**WHAT TO DO**
Skip every picture and copy only the lines from the one containing "Yale Assure Lock" to the final line of the records below.

Source data:
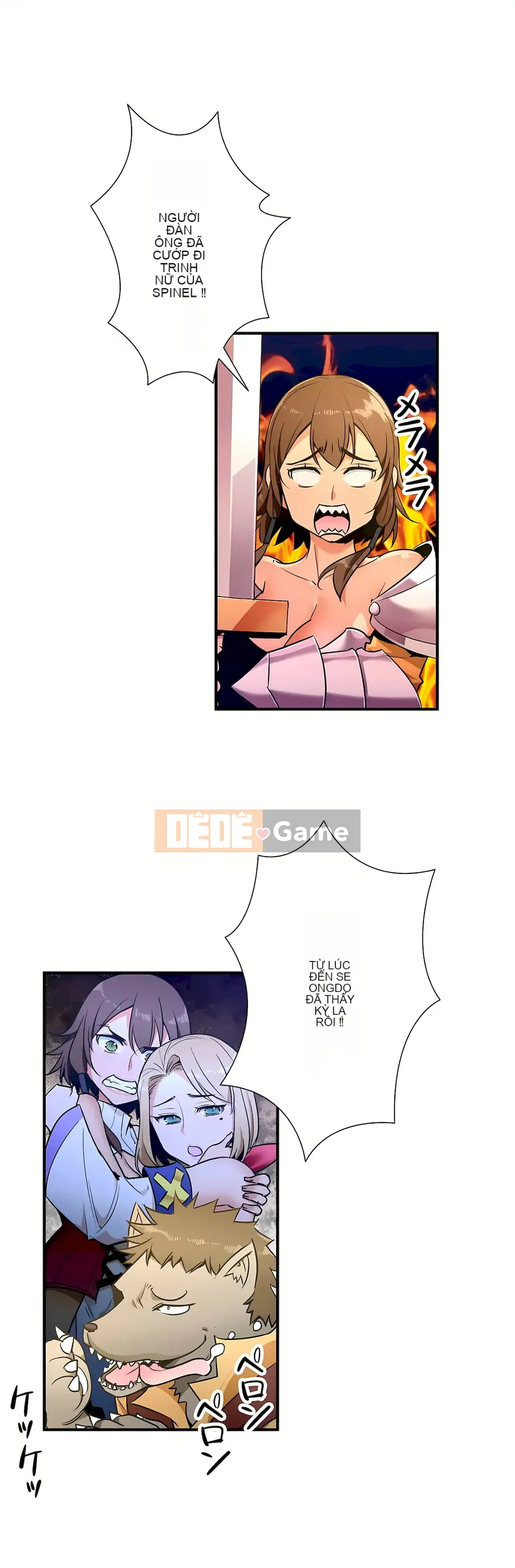 Anh hùng dâm đãng trưởng thành Chương 1-55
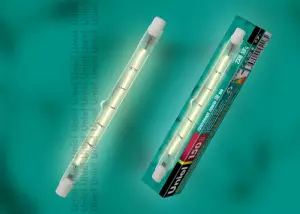 ЭЛМАКС - Лампа галогенная J-118/150/ R7s 230Вт, 2250Лм . Картонная коробка Uniel элмакс, электротехника, кабель, светотехника, elmax.pro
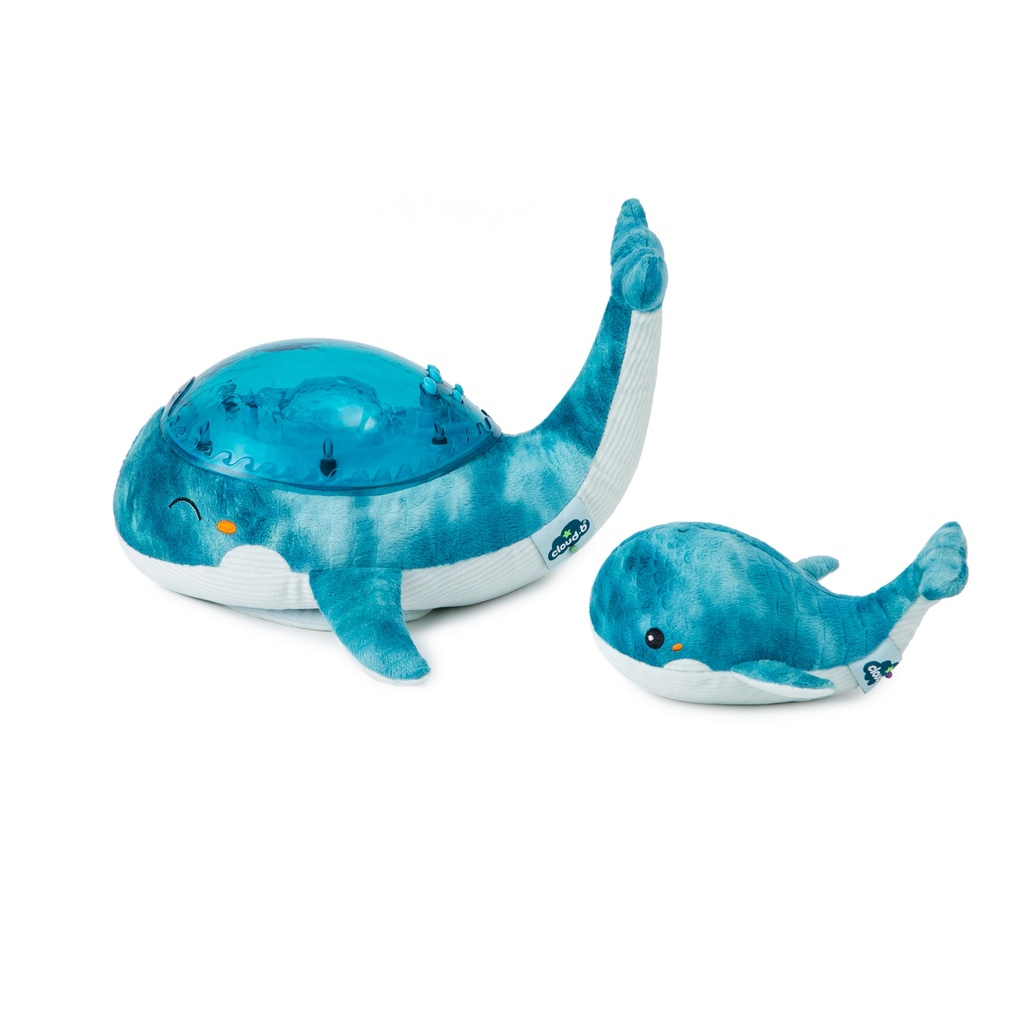 CLOUD-B - Baleine Tranquile - Blue Family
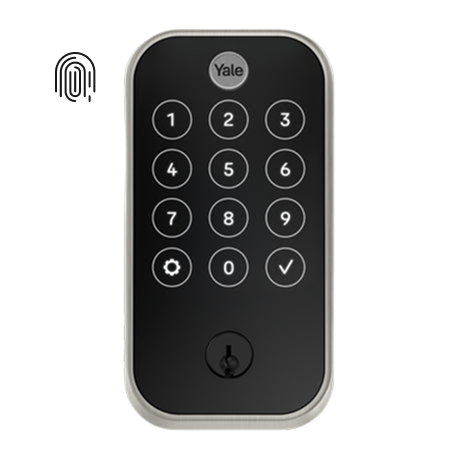 Yale Assure Lock 2 Touch fingerprint touchscreen lock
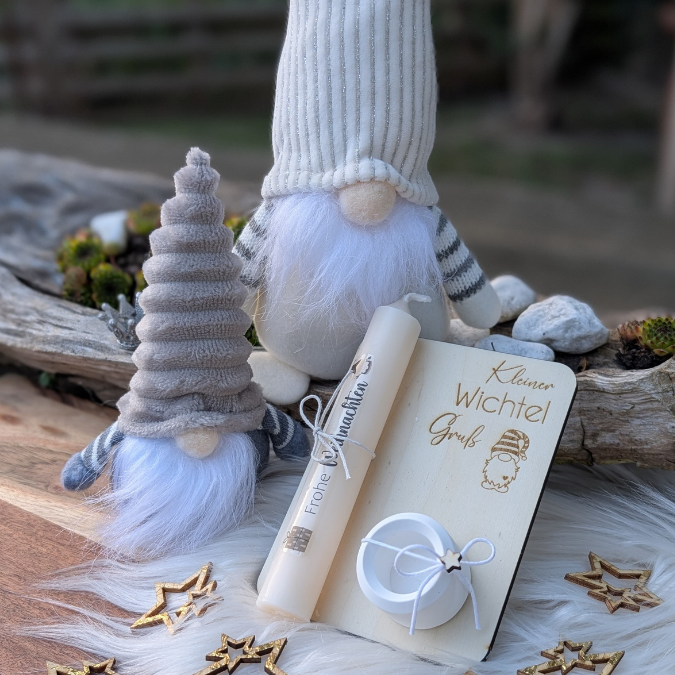 6 Designs Laserdatei Halter für Kerzen, Kerzenständer Geld Verpackung für Gutscheine Kleinigkeiten Weihnachten Nikolaus Christkind SVG Datei – Bild 17
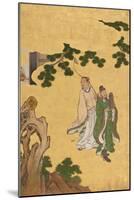 Taoist Immortals, C.1647-Kano Sansetsu-Mounted Giclee Print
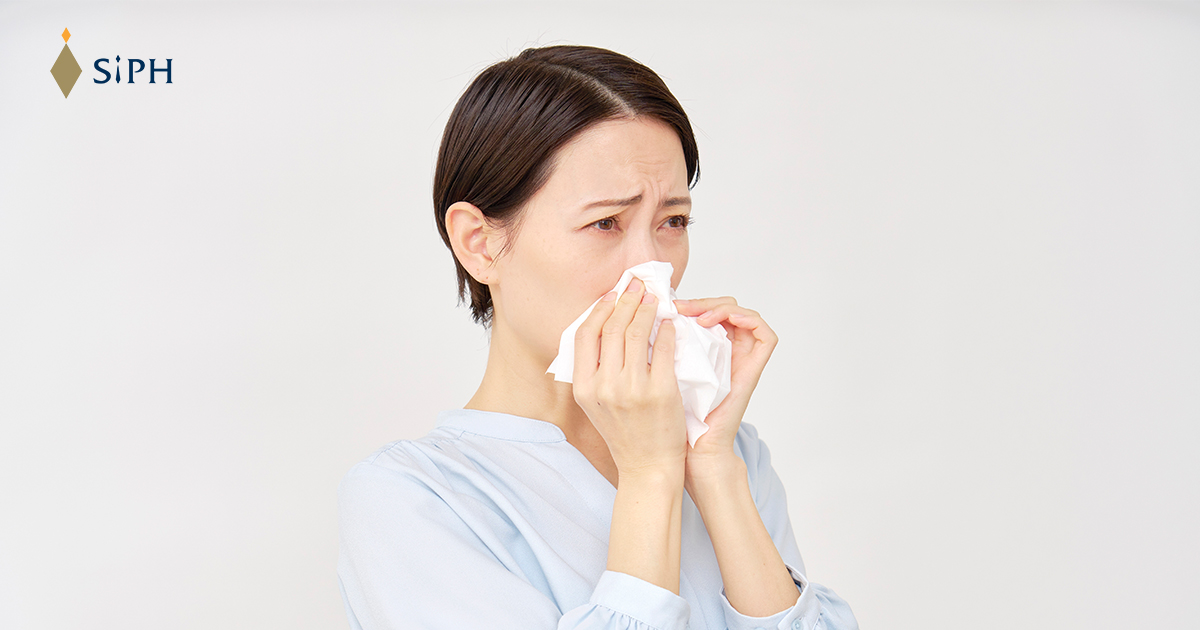 ริดสีดวงจมูก (Nasal Polyps)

**EXERCISE RESULT**
 Yale Assure Lock 2 Touch fingerprint touchscreen lock
 6 Designs Laserdatei Halter für Kerzen, Kerzenständer Geld Verpackung für Gutscheine Kleinigkeiten Weihnachten Nikolaus Christkind SVG Datei – Bild 17
 Taoist Immortals, C.1647-Kano Sansetsu-Mounted Giclee Print
 ริดสีดวงจมูก (Nasal Polyps)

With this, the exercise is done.